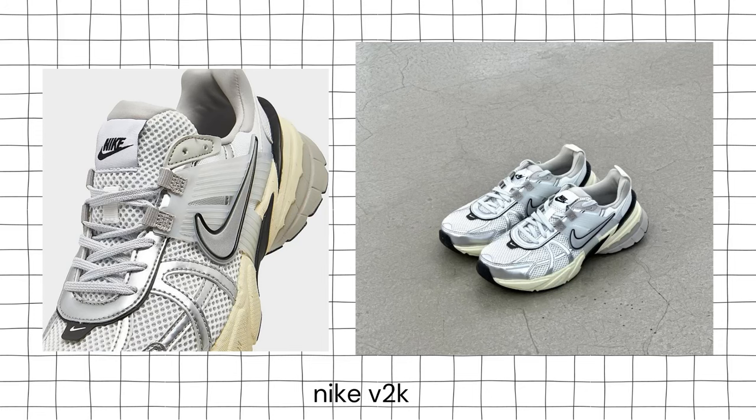So I have 10 pairs of shoes, not really in any specific order. The first pair is one I bought — this is the Nike V2K. I have always wanted a chunky sneaker, kind of like New Balance.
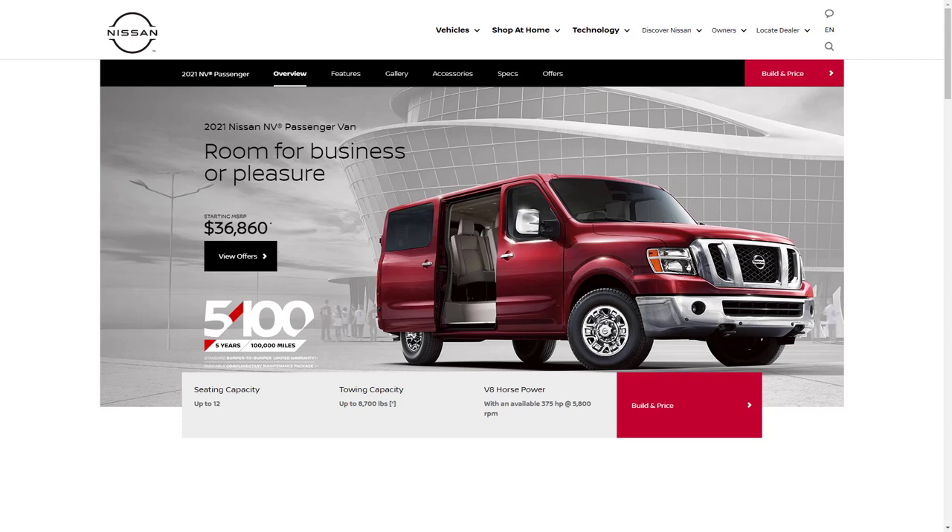Hi, welcome, thanks for joining me. On this episode of Build Your Own, we're going to build, price, and option a 2021 Nissan NV Passenger Van in SL trim, as well as learn about the features and other configurations. Before we do, I just want to remind you that if you find this build and price review helpful, informative, or entertaining, please like, share, and subscribe to my channel.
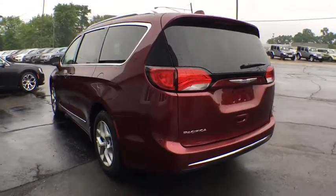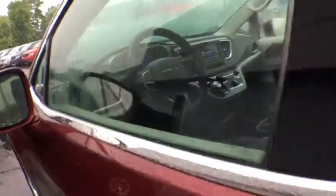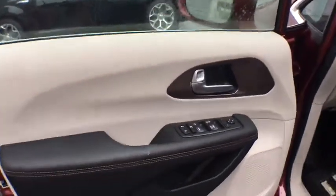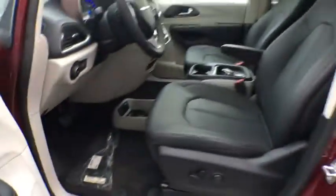Here are some of this vehicle's great options: stability control, traction control, power liftgate, keyless entry, steering wheel audio controls, remote engine start, anti-lock braking system, backup camera, leather wrapped steering wheel, Bluetooth.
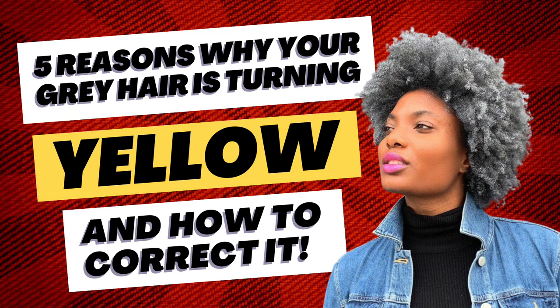Number one: heat styling. Gray hair or not, excessive blow drying and the use of styling tools will do damage to anyone's hair over time. Heat damage causes drying, breakage, and a loss of your natural curl pattern. In gray hair, it works over time to damage your hair, and one symptom is yellowing.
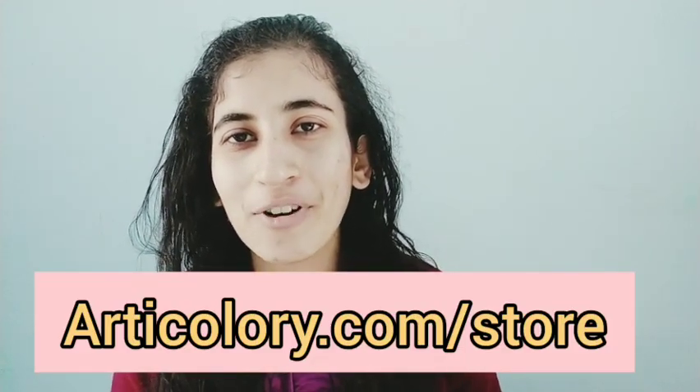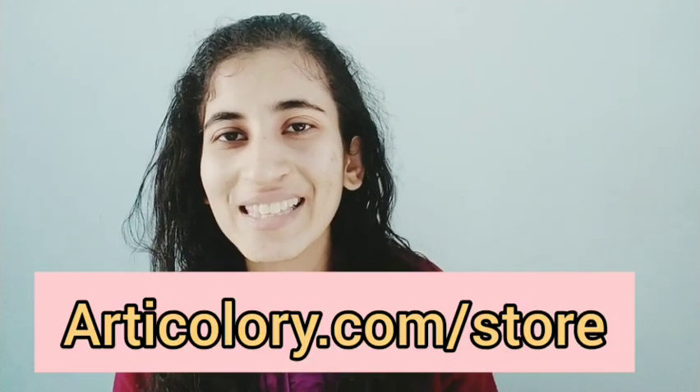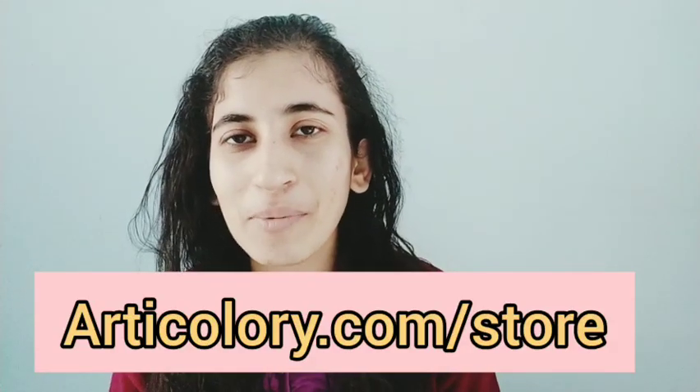Hey guys, welcome back! I'm Parshvika, welcome to my channel. This channel is about affordable, high-quality art for your home — to help decorate your home and make your room look more cohesive and beautiful. I'm putting the link to our store in the description box below. Give this video a thumbs up, subscribe, and hit the bell icon so you get notified whenever I upload more home interior and decorating videos.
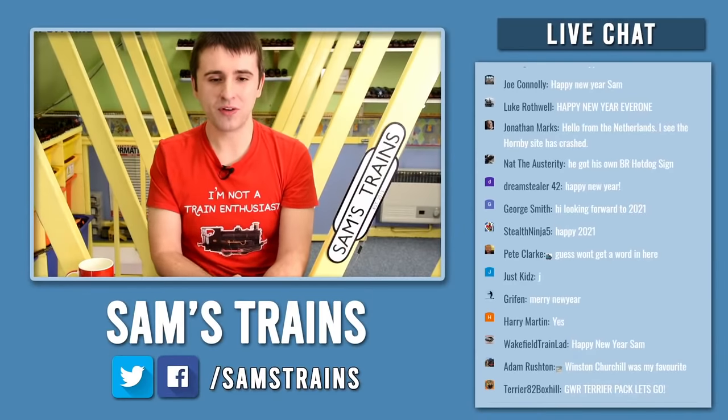It's certainly starting out well in the world of model railways because Hornby have announced their 2021 range and there are some amazing models coming. Hornby's website has been broken all morning so I've struggled to get on there — the image quality might not be fantastic and there might be one or two models I've missed. I'll be adding affiliate links afterwards in the description.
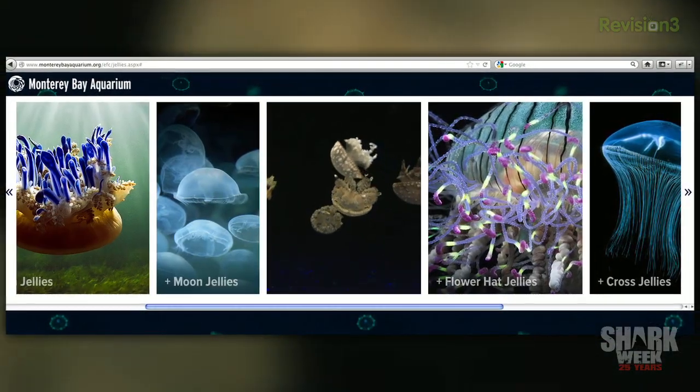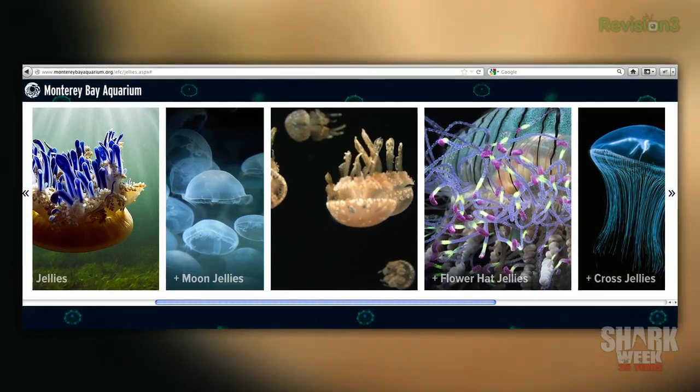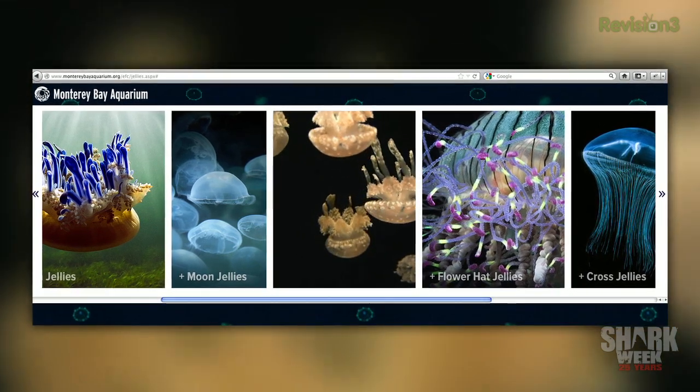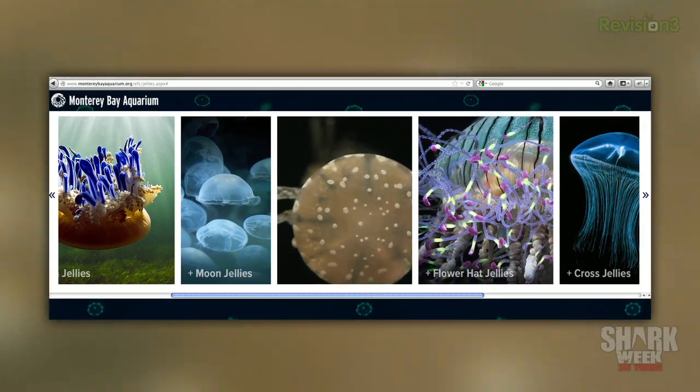They actually have new interactive exhibits in the jellies experience, and they've added some into the older jellyfish experience as well. What they allow you to do is click on little microscopic organisms and they pop up so you can rotate and learn about them and see them in real time, in a very kid-friendly and touch-friendly way. Monterey Bay Aquarium, ladies and gentlemen — go there, get your ocean on.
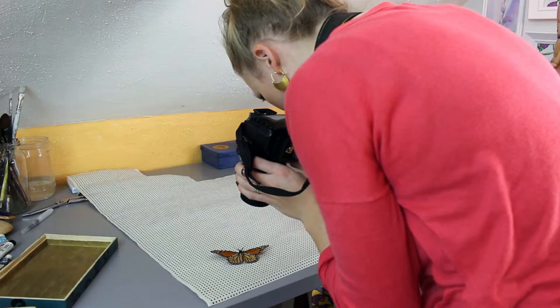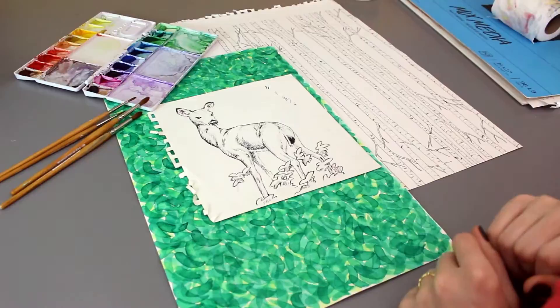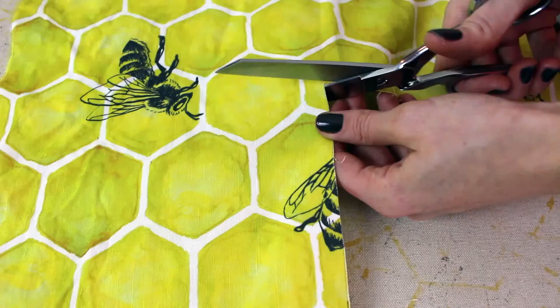The digitally printed textiles are created by first starting out with reference images from local flora and fauna. Zach and I collaborate on the drawings and watercolour paintings that get scanned into the computer and printed on natural fibers. Once I get the fabric back, I sew each product by hand in small batches using only the highest quality materials.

========================================

### DESCRIPTION OF THE TASK:
Everything in the records above is to be copied exactly, except the pictures.

### RESPONSE:
So I have 10 pairs of shoes, not really in any specific order. The first pair is one I bought — this is the Nike V2K. I have always wanted a chunky sneaker, kind of like New Balance.
Hi, welcome, thanks for joining me. On this episode of Build Your Own, we're going to build, price, and option a 2021 Nissan NV Passenger Van in SL trim, as well as learn about the features and other configurations. Before we do, I just want to remind you that if you find this build and price review helpful, informative, or entertaining, please like, share, and subscribe to my channel.
Here are some of this vehicle's great options: stability control, traction control, power liftgate, keyless entry, steering wheel audio controls, remote engine start, anti-lock braking system, backup camera, leather wrapped steering wheel, Bluetooth.
Number one: heat styling. Gray hair or not, excessive blow drying and the use of styling tools will do damage to anyone's hair over time. Heat damage causes drying, breakage, and a loss of your natural curl pattern. In gray hair, it works over time to damage your hair, and one symptom is yellowing.
Hey guys, welcome back! I'm Parshvika, welcome to my channel. This channel is about affordable, high-quality art for your home — to help decorate your home and make your room look more cohesive and beautiful. I'm putting the link to our store in the description box below. Give this video a thumbs up, subscribe, and hit the bell icon so you get notified whenever I upload more home interior and decorating videos.
It's certainly starting out well in the world of model railways because Hornby have announced their 2021 range and there are some amazing models coming. Hornby's website has been broken all morning so I've struggled to get on there — the image quality might not be fantastic and there might be one or two models I've missed. I'll be adding affiliate links afterwards in the description.
They actually have new interactive exhibits in the jellies experience, and they've added some into the older jellyfish experience as well. What they allow you to do is click on little microscopic organisms and they pop up so you can rotate and learn about them and see them in real time, in a very kid-friendly and touch-friendly way. Monterey Bay Aquarium, ladies and gentlemen — go there, get your ocean on.
The digitally printed textiles are created by first starting out with reference images from local flora and fauna. Zach and I collaborate on the drawings and watercolour paintings that get scanned into the computer and printed on natural fibers. Once I get the fabric back, I sew each product by hand in small batches using only the highest quality materials.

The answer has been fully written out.